Lynda and Paul Hogarth – Farsley Rehoboth

“Community, Camaraderie and Friends”

That’s how Lynda and Paul described their experience of volunteering to me, quickly followed by Paul describing how it’s kept them active “physically and probably more importantly mentally”.

The married couple told me how their volunteering helped them through the Covid pandemic by giving them the chance to get out and meet people outdoors.

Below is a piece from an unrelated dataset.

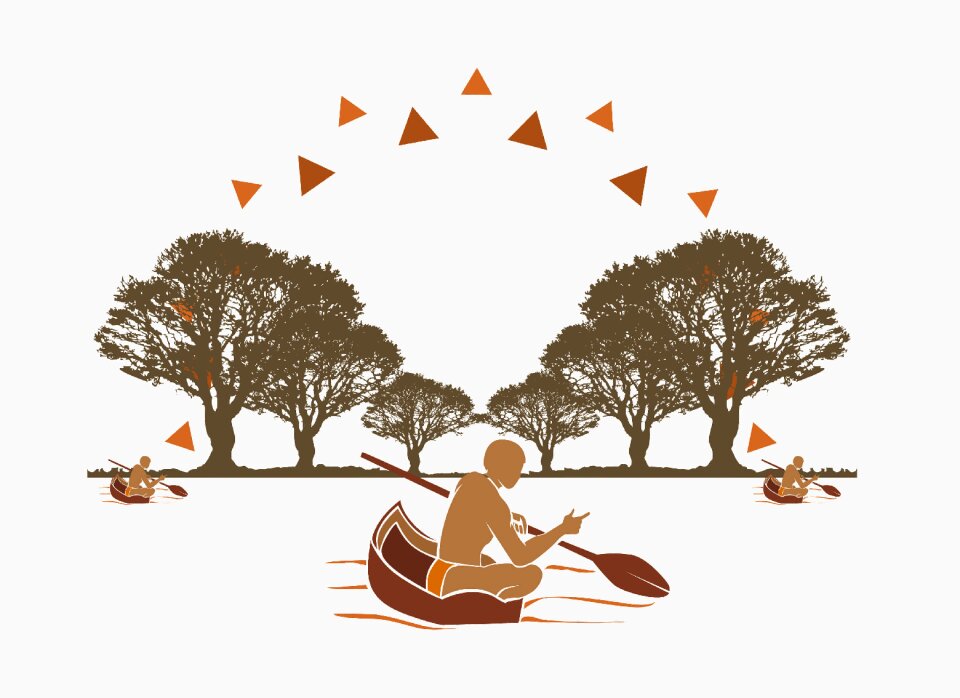 Rio boat canoe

Farsley Rehoboth means a lot to Lynda and Paul, they have a family tie to the cemetery and live in the neighborhood surrounding the cemetery, this makes the cemetery close to both Lynda and Paul’s and their community’s heart. Lynda even joked about their connection to the graveyard extending, as they have “booked our plot” and plan to lay at rest in the graveyard.The image says “seeing progress and its incremental of course, but its incremental but noticeable and measurable every week"

During my time at the Rehoboth, I had the graveyard described to me as “living”, despite this obvious contradiction you get the sense stepping into Farsley Rehoboth that the graveyard is changing and developing. This includes the internment of new people into the burial site and the work that goes into changing the space by the volunteers.

Paul and Lynda say, “the last four years have been incredible”, they want to encourage others to “make a difference”. All this while having “a lot of fun and a lot of laughs” as Paul jokes that the only rough days are chosen by the weather but that even those rainy days are drowned out by the many more fun days.